• _TASK ITEM_
Exactly the lines from the one containing "Juicy and sliced" through the end of the data, and nothing more, should be retyped; pictures stay out.

• _DATASET EXCERPT_

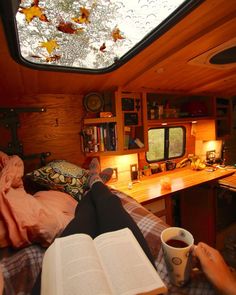 a person sitting in a bed with their feet up on a book and holding a cup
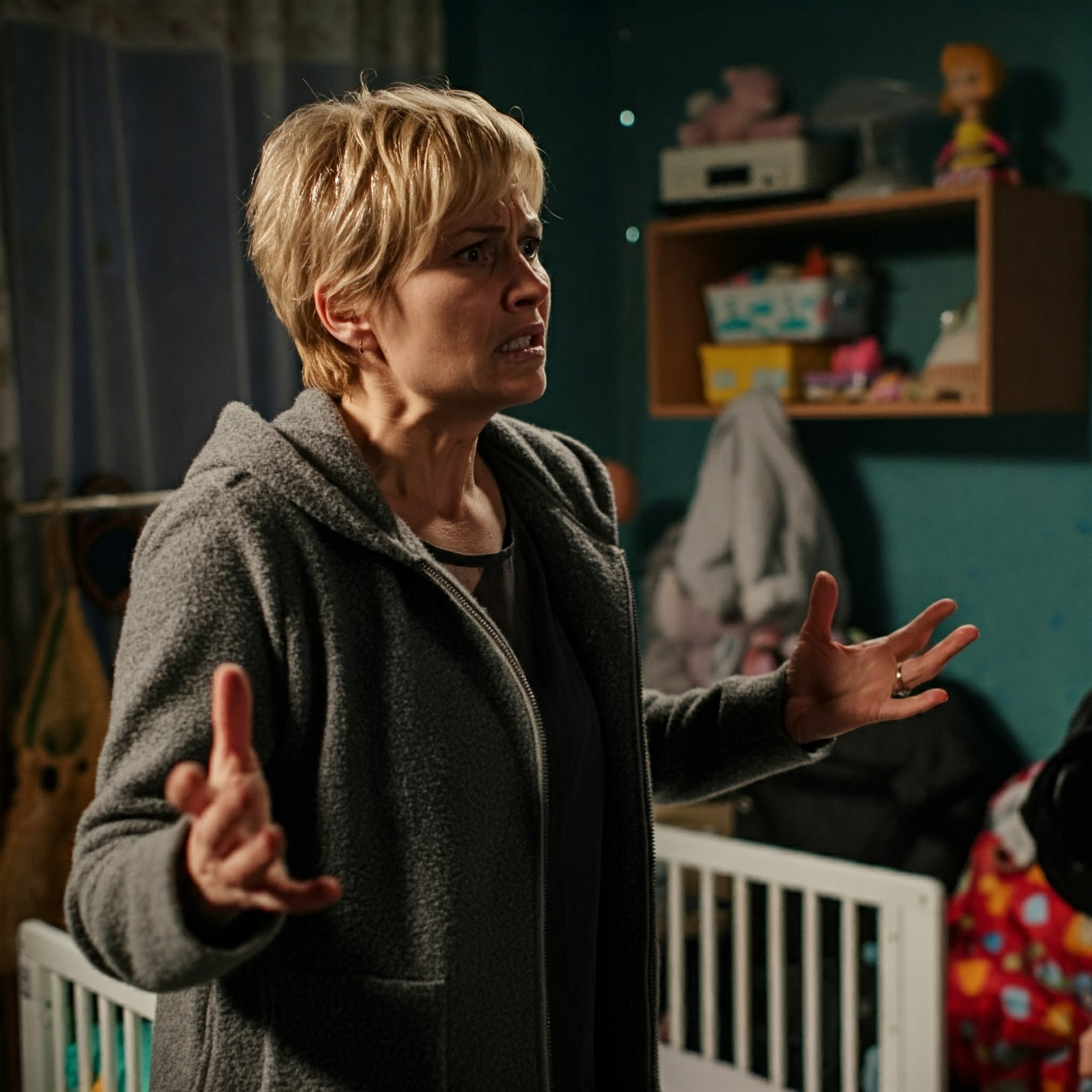 A woman looking angry in a cluttered apartment | Source: Gemini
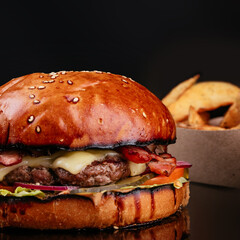 Juicy and sliced ​​burger with meat cutlet close up. on a black background.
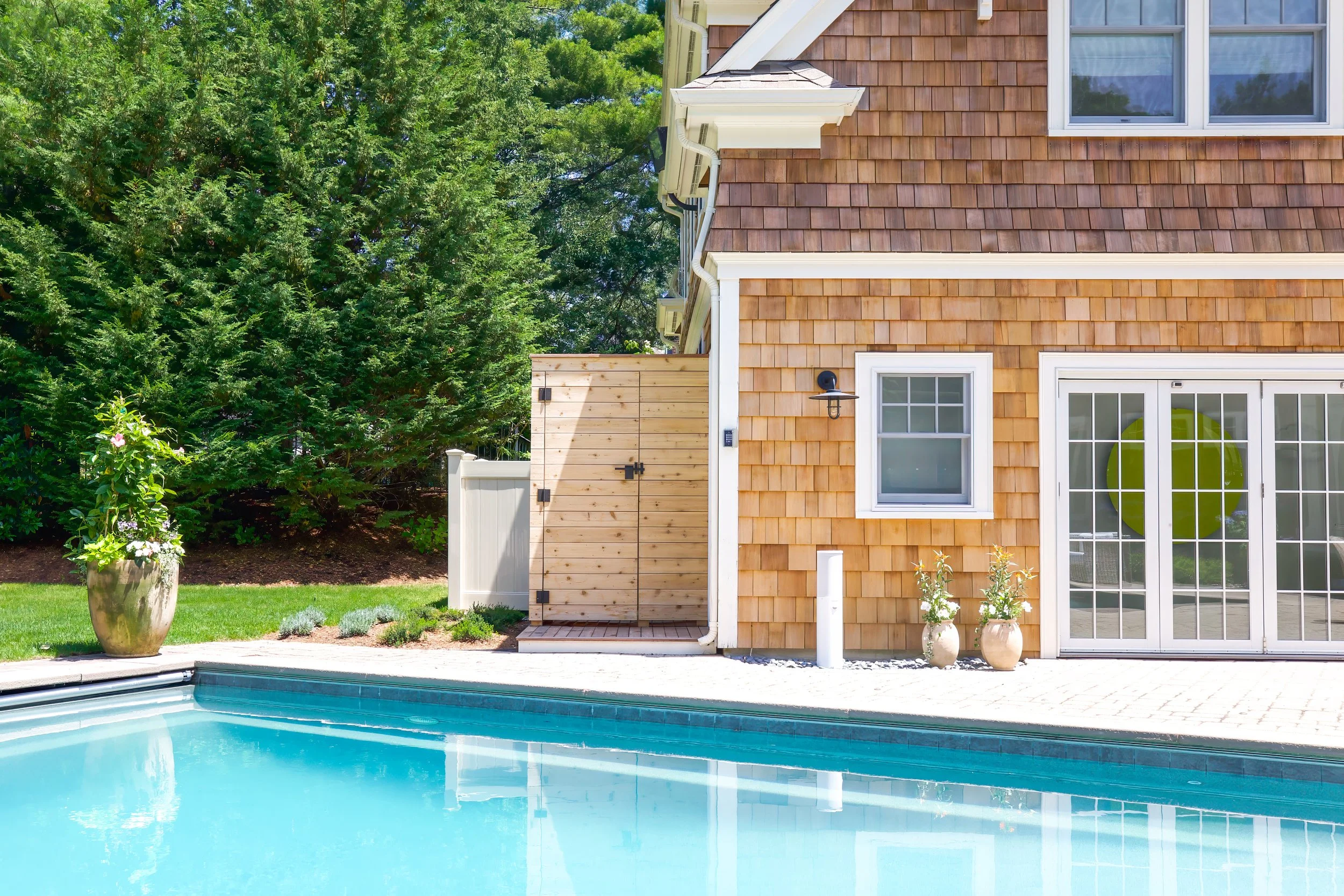 Poolside view of a shingled structure, French doors, cedar gate, and Cape Cod pool house design.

• _YOUR RESPONSE_
 Juicy and sliced ​​burger with meat cutlet close up. on a black background.
 Poolside view of a shingled structure, French doors, cedar gate, and Cape Cod pool house design.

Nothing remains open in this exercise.